As others have said, game AI doesn't draw from "real" or academic AI or Machine Learning.

That said, the references for AI and machine learning are quite old. Particularly the machine learning parts. The only ML texts on the list are Mitchell and Duda and Hart. The former is extremely outdated at this point. That's not Mitchell's fault -- it was a nice book for learning the basics of machine learning in 1997 when it was published, but all the developments that have made ML a hot subject have occurred since then and in areas that the book simply didn't predict coming. Duda and Hart, similarly, was the bible for certain subfields of ML for a long time, but it won't tell you what everyone's been doing in the past 15 years when ML exploded onto the wider scene.

If I were to add one book, it would be Kevin Murphy's excellent text (https://www.amazon.com/Machine-Learning-Probabilistic-Perspe...). There's no one book that will give you a complete picture of the field, but his is I think the closest available and does a solid job of preparing you with enough fundamentals that you can extend your knowledge from there on your own.

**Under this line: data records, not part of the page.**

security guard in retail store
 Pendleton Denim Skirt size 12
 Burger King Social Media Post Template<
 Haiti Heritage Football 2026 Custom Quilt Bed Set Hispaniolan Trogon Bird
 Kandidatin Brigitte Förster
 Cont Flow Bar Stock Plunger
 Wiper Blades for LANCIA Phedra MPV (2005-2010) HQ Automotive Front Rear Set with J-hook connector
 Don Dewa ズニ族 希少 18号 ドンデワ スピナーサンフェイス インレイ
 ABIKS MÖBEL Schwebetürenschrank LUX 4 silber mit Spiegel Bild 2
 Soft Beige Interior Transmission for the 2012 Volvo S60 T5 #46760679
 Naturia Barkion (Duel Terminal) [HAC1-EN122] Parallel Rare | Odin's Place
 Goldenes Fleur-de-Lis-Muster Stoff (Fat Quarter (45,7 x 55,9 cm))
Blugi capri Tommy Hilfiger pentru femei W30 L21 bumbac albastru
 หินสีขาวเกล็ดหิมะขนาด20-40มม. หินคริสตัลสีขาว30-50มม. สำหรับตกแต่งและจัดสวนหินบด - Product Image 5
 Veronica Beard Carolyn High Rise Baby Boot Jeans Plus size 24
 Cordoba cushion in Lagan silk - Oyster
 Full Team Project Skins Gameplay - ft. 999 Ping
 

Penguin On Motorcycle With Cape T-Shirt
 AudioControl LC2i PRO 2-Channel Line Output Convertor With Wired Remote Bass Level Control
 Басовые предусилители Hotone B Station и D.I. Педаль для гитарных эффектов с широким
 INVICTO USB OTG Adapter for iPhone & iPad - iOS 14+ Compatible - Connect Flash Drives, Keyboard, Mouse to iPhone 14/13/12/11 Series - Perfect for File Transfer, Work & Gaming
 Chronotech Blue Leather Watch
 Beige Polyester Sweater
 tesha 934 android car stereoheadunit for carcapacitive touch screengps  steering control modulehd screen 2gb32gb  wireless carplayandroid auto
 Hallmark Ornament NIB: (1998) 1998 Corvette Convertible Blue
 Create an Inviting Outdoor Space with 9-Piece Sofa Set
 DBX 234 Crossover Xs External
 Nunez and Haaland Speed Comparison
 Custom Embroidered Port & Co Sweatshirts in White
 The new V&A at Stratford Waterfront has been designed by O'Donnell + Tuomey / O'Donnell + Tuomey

ML isn't really used in game programming. These books focus on more practical techniques such as State Machines, Pathfinding, Planning, Scripting etc.


Exactly. Game AI is not so much about making AI smart, but more about making it fun.


I haven't played it, but there is a game called Smart Kobold that tries to up the AI difficulty as far as it can reasonably go. In some sense, I think it satisfies your criteria. The punishing difficulty is what makes it rewarding, and it accomplishes it through AI rather than making creatures harder to kill or do more damage.

I do agree with your statement in the vast majority of cases. Ultimately, fun trumps everything else when it comes to games (though what counts as fun is subjective). Even Dark Souls, which many (most) gamers consider difficult, is not difficult because of unbeatable AI. It's full of patterns (indeed, that's how you get better at the game: you recognize and respond correctly to those patterns).


This book list is about game AI programming. Game AI and ML don't overlap much.


In particular, I would like to see something on OpenAI Universe


Steve Grand's other book "Growing up with Lucy: How to Build an Android in Twenty Easy Steps" should also be included in this list.

https://www.amazon.com/Growing-Up-Lucy-Android-Twenty/dp/075...


When this was discussed previously, I made an in-depth comment on it there, which I'll reference again here: https://news.ycombinator.com/item?id=8851408


What's the state of the art in path planning? e.g. as used by Google Maps? Perhaps some subset of those techniques could be used in games.